Prime Generator Algorithm

Question

I've been trying to solve the SPOJ problem of Prime number Generator Algorithm.

Here is the question

Peter wants to generate some prime numbers for his cryptosystem. Help him! Your task is to generate all prime numbers between two given numbers!

Input

The input begins with the number t of test cases in a single line (t<=10).
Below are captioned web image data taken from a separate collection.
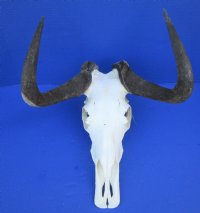 15-3/4 inches wide Authentic Black Wildebeest Skull for Sale (rough area on horns; repair putty) - Buy this one for $89.99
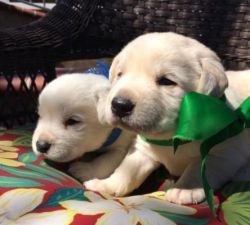 AKC Lab Puppies Upcoming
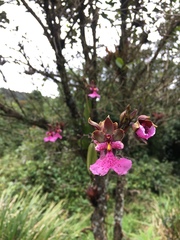 Caucaea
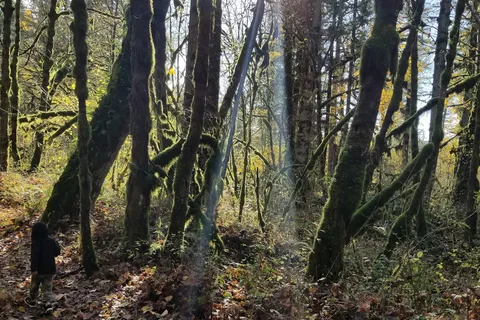 North Santiam State Recreation Area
In each of the next t lines there are two numbers m and n (1 <= m <= n <= 1000000000, n-m<=100000) separated by a space.

Output

For every test case print all prime numbers p such that m <= p <= n, one number per line, test cases separated by an empty line.

It is very easy, but the online judge is showing error, I didn't get what the problem meant by 'test cases' and why that 1000000 range is necessary to use.

Here is my code.

#include<stdio.h>

main()
{
int i, num1, num2, j;
int div = 0;
scanf("%d %d", &num1, &num2);
for(i=num1; i<=num2; i++)
  {
    for(j=1; j<=i; j++)
    {
      if(i%j == 0)
      {
        div++;
      }
    }
    if(div == 2)
    {
     printf("%d\n", i);
    }
    div = 0;
  }
  return 0;
}

Answer 1

I can't comment on the alogirthm and whether the 100000 number range allows optimisations but the reason that your code is invalid is because it doesn't seem to be parsing the input properly. The input will be something like:

2
123123123 123173123 
987654321 987653321

That is the first line will give the number of sets of input you will get with each line then being a set of inputs. Your program, at a glance, looks like it is just reading the first line looking for two numbers.

I assume the online judge is just looking for the correct output (and possibly reasonable running time?) so if you correct for the right input it should work no matter what inefficiencies are in your algorithm (as others have started commenting on).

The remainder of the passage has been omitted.